I have a briggs & Stratton lawnmower Model-31G777, Type-0120 /E1/021127ZA. It stopped working and when I took the head off I seen the valve seat had came loose from the head. Unfortunately the valve seat was cracked and needing replaced. I contacted B&S who told me they didnt sell the valve seat and I would have to replace the entire head!!!
Does anyone know of an aftermarket supplier who could help me out. Alternatively does anyone know where I can buy an oversized valve seat.
HELP! the grass is getting very long...


----------



## K-B (Oct 24, 2005)

Briggs is right. You cannot re-install a valve seat (well, you actually can, we have done it, unsuccessfully, and I do not recommend you trying it). Get a shortblock or a new engine.


----------



## tegraz (Apr 14, 2008)

Cheers K-B.
Sorry but your suggestion of buying a new engine is a silly as Briggs decision not to sell a $2 seat. Seems like a bit of a stitch-up, these engines are well known for popping the valve seat yet Briggs wont sell you a $2 seat, insisting that you need to buy a new head for $300. They will however sell you seats for different engines... just not this one.
Does anyone know if any other inlet-seats will fit this head, cant imagine that Briggs would use this cast for only one engine


----------



## K-B (Oct 24, 2005)

tegraz said:


> Cheers K-B.
> Sorry but your suggestion of buying a new engine is a silly as Briggs decision not to sell a $2 seat. Seems like a bit of a stitch-up, these engines are well known for popping the valve seat yet Briggs wont sell you a $2 seat, insisting that you need to buy a new head for $300. They will however sell you seats for different engines... just not this one.
> Does anyone know if any other inlet-seats will fit this head, cant imagine that Briggs would use this cast for only one engine


How many valve seats have you successfully replaced? Just curious.


----------



## icrman (Apr 19, 2008)

You may be able to find a guy with a lathe that could make one for you. 
Though the proper material is a bit pricey.

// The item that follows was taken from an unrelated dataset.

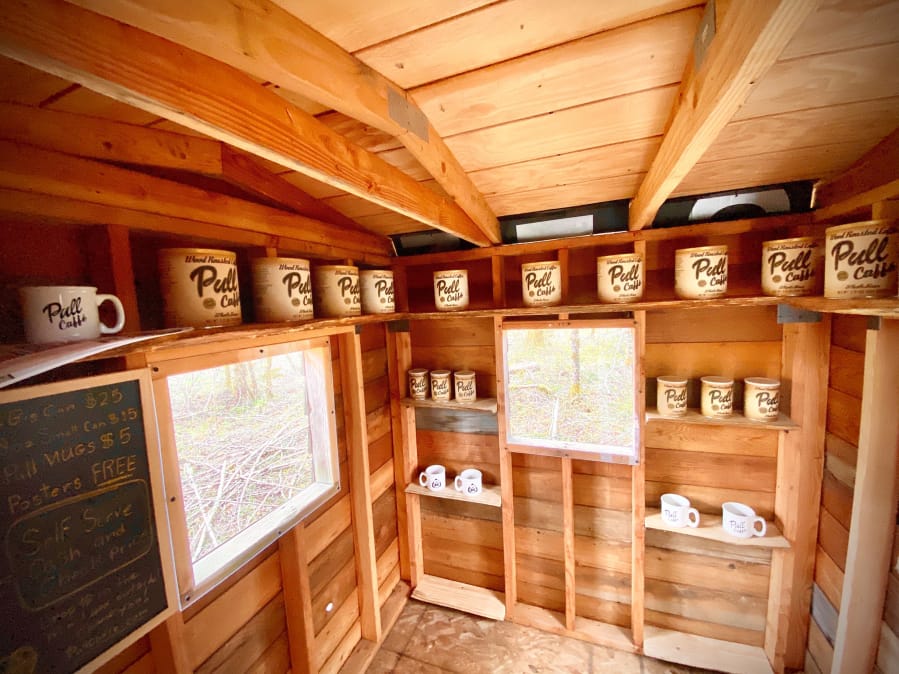Pull Caffe has been selling coffee out of a small cabinlike structure at the entrance of its property in Yacolt. Buyers pay through an honor system. Owner Todd Millar said he sells an average of four cans per day. He got the honor-system idea from an OPB show about pies.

On a small engine something like 17-4 would probably live just fine and priced affordably.


----------



## tegraz (Apr 14, 2008)

K-B said:


> How many valve seats have you successfully replaced? Just curious.


On a lawnmower, none, but on motorcycle, car and boat engines, many. Next step is to visit the local machine shop to see if they can make me a valve seat. Thanks for your help


----------